(Work instruction) Your answer should consist of every line in the records that holds "Vintage".

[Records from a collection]
☆ ☆ ☆

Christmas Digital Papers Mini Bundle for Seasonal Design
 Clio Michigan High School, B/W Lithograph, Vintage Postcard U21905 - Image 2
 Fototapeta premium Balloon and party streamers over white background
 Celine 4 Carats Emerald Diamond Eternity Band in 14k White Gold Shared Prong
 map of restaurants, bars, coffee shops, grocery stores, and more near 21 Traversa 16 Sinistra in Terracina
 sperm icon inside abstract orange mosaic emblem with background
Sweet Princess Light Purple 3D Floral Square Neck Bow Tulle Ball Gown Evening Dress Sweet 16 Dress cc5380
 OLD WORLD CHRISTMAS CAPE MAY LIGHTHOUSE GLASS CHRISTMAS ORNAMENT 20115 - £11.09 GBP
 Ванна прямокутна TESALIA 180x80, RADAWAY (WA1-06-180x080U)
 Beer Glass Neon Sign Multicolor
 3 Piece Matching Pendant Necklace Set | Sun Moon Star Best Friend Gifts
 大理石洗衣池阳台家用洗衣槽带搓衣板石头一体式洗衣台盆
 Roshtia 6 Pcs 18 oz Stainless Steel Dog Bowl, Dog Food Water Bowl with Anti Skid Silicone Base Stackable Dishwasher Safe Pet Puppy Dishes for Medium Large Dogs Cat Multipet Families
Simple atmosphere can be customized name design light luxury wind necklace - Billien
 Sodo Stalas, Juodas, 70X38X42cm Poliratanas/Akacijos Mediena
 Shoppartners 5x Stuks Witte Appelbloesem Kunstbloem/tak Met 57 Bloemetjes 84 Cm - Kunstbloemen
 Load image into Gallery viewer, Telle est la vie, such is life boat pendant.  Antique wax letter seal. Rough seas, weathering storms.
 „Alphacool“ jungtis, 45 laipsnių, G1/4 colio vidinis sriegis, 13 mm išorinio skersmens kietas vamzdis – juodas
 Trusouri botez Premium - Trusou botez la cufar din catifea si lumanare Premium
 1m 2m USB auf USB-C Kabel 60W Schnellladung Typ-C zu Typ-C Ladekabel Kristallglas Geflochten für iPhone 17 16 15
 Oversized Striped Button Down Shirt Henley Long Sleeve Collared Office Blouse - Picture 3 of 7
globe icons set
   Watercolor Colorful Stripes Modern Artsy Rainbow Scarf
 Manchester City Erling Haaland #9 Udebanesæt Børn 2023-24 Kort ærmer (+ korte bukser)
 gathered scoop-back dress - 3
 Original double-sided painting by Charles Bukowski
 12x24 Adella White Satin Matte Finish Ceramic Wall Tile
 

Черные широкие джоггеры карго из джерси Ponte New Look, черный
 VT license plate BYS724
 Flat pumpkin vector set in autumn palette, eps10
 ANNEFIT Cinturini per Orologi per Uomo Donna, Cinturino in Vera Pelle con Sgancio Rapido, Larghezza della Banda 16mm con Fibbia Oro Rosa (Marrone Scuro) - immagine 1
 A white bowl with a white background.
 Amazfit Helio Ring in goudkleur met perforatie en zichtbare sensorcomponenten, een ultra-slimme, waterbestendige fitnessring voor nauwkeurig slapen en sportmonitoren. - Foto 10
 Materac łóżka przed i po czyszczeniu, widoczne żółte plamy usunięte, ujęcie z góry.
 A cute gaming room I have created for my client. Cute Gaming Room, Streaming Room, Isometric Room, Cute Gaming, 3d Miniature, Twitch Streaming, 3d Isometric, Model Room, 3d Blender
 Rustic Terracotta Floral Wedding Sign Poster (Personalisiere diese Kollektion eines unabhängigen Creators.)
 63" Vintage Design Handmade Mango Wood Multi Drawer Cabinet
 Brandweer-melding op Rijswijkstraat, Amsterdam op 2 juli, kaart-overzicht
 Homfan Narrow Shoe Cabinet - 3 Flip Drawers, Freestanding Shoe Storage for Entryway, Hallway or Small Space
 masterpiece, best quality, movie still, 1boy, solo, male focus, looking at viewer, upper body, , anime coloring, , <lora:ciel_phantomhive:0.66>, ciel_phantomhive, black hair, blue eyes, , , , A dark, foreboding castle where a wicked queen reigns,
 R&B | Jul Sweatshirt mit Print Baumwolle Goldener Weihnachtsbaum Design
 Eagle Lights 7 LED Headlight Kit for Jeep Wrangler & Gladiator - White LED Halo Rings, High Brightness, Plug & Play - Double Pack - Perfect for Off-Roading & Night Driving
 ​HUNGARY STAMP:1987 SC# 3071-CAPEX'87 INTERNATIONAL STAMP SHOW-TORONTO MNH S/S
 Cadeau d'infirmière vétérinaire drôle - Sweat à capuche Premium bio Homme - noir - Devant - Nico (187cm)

☆ ☆ ☆

(Response below)
 Clio Michigan High School, B/W Lithograph, Vintage Postcard U21905 - Image 2
 63" Vintage Design Handmade Mango Wood Multi Drawer Cabinet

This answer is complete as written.